ChatGPT-4.0 bests other large language models on ACR exam questions

Dec 1, 2023

ChatGPT-4.0 performs well on the image-independent American College of Radiology Diagnostic In-Training Exam (ACR DXIT) practice questions, a study presented November 29 at the RSNA 2023 annual meeting found.

Presenter Christopher Kaufmann, MD, from the University of Texas at Austin talked about results from his team’s comparative study of large language models, which showed that ChatGPT-4.0 achieved the highest scores.

“The results demonstrate the powerful efficiency and improving accuracy of evolving publicly available AI tools when applied to the radiology-specific domain,” Kaufmann said.

Large language AI models such as ChatGPT and Google Bard have become an area of interest for radiologists within the past year. Previous studies have examined these models and their clinical utility in clinical- and patient-facing settings. However, Kaufmann pointed out that radiologists need to know the output accuracy, relevance, and reliability of these models before determining their clinical utility by specific domain.

Kaufmann and colleagues compared the latest publicly accessible large language models across multiple subspecialty areas of radiology.

They used ACR DXIT practice test question set from 2022, specifically image-independent questions that were distributed across various radiology disciplines. The team also used three publicly available large language model platforms: ChatGPT 3.5 & 4.0, Google Bard, and Windows BingChat. The questions were entered into the AI interface in their original text format.

In total, the team included 42 ACR DXIT questions in the study. The group found that ChatGPT 4.0 answered 90.5% correctly (n = 38), while ChatGPT 3.5 answered 79% of questions correctly (n = 33).

The researchers also found that despite GPT-4.0’s overall advantage, two previously correct responses using GPT-3.5 were outputted incorrectly using GPT4.

Meanwhile, Google Bard answered 71% correctly in which all three draft responses were correct (n = 30). Bard also had partially correct responses in 14% of outputs (n = 6). Finally, the team found that BingChat performed the lowest with 60% correct (n = 25).

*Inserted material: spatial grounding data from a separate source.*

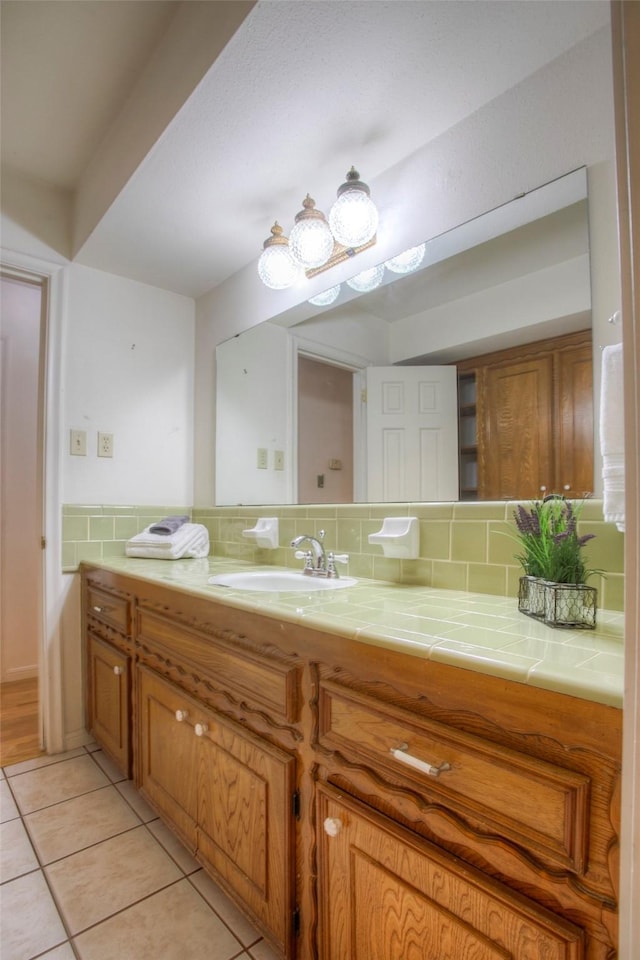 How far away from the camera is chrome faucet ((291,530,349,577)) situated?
1.47 m

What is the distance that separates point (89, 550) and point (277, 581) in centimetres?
97

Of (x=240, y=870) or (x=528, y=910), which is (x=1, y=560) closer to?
(x=240, y=870)

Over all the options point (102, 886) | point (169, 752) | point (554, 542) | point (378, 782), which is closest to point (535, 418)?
point (554, 542)

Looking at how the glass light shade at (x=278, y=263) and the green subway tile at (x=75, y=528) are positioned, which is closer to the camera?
the glass light shade at (x=278, y=263)

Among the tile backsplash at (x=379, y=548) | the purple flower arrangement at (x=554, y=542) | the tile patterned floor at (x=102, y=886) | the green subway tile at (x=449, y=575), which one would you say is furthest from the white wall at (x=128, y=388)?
the purple flower arrangement at (x=554, y=542)

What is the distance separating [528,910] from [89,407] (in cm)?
210

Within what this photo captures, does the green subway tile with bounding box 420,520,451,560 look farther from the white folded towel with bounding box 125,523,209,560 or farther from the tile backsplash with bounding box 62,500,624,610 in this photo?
the white folded towel with bounding box 125,523,209,560

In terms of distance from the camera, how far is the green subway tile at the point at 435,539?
1.23 metres

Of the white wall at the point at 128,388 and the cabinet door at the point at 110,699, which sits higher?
the white wall at the point at 128,388

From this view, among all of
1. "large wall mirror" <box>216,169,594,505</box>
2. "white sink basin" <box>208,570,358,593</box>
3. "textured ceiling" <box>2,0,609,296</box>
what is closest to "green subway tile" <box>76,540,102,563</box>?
"large wall mirror" <box>216,169,594,505</box>

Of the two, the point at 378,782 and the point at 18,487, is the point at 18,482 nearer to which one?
the point at 18,487

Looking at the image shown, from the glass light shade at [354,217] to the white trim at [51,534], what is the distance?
1278mm

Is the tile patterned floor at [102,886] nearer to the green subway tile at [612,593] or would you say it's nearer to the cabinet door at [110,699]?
the cabinet door at [110,699]

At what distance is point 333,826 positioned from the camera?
0.80m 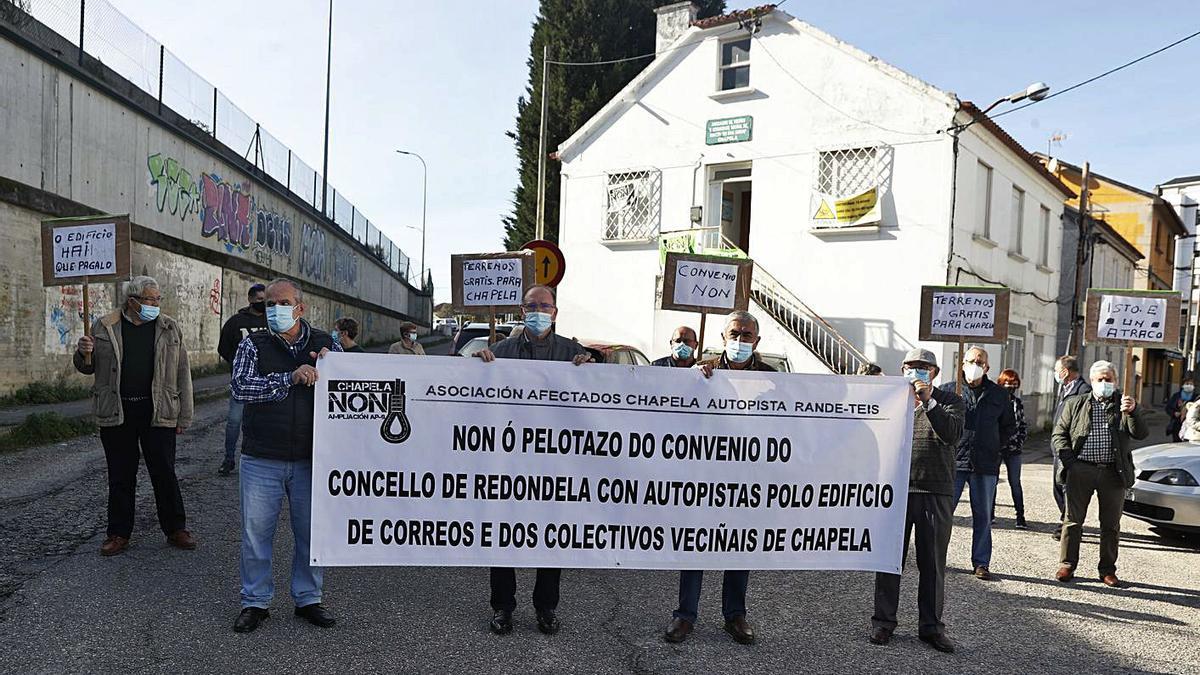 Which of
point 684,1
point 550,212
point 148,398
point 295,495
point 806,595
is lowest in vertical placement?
point 806,595

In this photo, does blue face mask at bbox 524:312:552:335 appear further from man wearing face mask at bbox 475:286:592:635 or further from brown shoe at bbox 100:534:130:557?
brown shoe at bbox 100:534:130:557

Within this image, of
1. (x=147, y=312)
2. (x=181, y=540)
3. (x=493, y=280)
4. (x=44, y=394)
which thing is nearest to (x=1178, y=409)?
(x=493, y=280)

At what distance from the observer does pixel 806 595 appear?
18.2ft

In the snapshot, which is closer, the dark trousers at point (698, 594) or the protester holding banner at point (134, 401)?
the dark trousers at point (698, 594)

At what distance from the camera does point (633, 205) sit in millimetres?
19469

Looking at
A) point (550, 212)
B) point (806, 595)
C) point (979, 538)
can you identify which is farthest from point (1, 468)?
point (550, 212)

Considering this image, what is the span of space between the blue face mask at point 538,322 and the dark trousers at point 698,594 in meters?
1.61

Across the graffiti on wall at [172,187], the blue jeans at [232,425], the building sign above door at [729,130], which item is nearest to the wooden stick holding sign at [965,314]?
the blue jeans at [232,425]

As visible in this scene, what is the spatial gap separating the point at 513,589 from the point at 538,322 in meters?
1.52

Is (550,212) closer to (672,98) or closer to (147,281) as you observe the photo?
(672,98)

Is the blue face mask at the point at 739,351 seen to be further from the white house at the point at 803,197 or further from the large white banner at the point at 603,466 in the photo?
the white house at the point at 803,197

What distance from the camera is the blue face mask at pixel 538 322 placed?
4.86 metres

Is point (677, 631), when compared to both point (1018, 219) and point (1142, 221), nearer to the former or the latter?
point (1018, 219)

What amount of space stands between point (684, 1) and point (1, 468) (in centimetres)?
1800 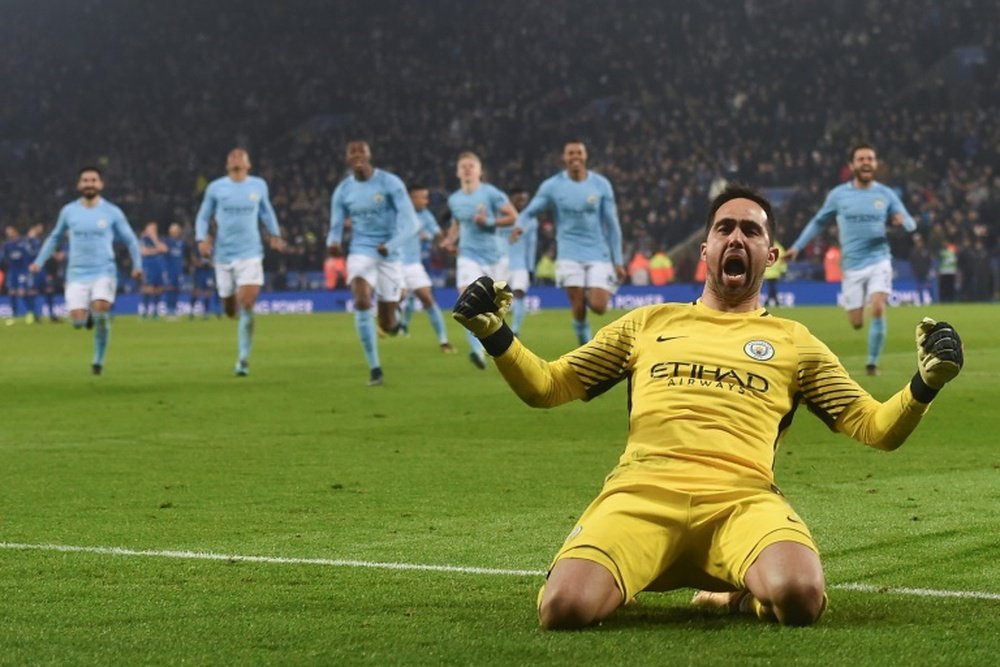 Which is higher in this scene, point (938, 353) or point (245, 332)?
point (938, 353)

Kaufmann said these results demonstrate how it’s important to determine the radiology-domain specific performance and output reliability of large language models for potential use in practices. He added that it’s important to continuously monitor updates to these models and how they impact their performance on such exams.

“With their rapid evolution, up-to-date accuracy and trustworthiness of AI technologies will remain key criteria for their ultimate clinical adoption and specific uses in practice,” Kaufmann said.

He concluded that future studies should include radiology-specific inputs on validated data and specialty-specific benchmarking among other needs.